U.S. GROUP TEACHES HAITI BETTER FARMING TECHNIQUES AFTER EARTHQUAKE
(NJ.com - Star-Ledger) - By Bob Braun
BOIS LEGER, Haiti — He stands ankle deep in the rice patty and holds out his hands, palms up. "Look at these hands," says Emile Myl. "Feel them.”
The hands are rough, encrusted with calluses. The lines etched into his palms and fingers are veined with dirt that defies scrubbing.
"I am a farmer. I never lived in the city. I will never live in the city."
He is 54, but looks older. Most of his teeth are gone and the skin of his face looks like abused leather. Still, the man in the rice patty 50 miles north of Port-au-Prince represents, is, to some, the future of the nation.
Haiti desperately needs to relieve pressure on a capital city that could not provide basic services like health care and sanitation to its 3 million residents before the Jan. 12 earthquake. Unless it does, the poorest country in the Western hemisphere will sink even deeper into poverty and be vulnerable again to natural catastrophes.
"The nation must be decentralized," says Paul Antoine Bienamie, Haiti’s interior minister. "The people must go back to the farms."
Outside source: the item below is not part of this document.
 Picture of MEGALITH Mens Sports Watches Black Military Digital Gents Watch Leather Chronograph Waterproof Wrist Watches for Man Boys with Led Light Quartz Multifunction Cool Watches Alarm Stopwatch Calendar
Jean-Robert Estime, the nation’s former foreign minister and now head of an American-backed agricultural organization, says the quake six months ago would not have been anywhere so devastating if the country had not neglected its farms.
"The farms failed, the people came to the city looking for work,” says Estime, the son of a former Haitian president. "They crowded into slums and were killed by the thousands when the earthquake happened."
More than that, Haiti, Estime says, "is an environmental disaster” because its forests have been denuded—98 percent of its tree cover has been removed, most of it for charcoal. Without wood, people built with concrete—concrete that collapsed and killed some 233,000 people.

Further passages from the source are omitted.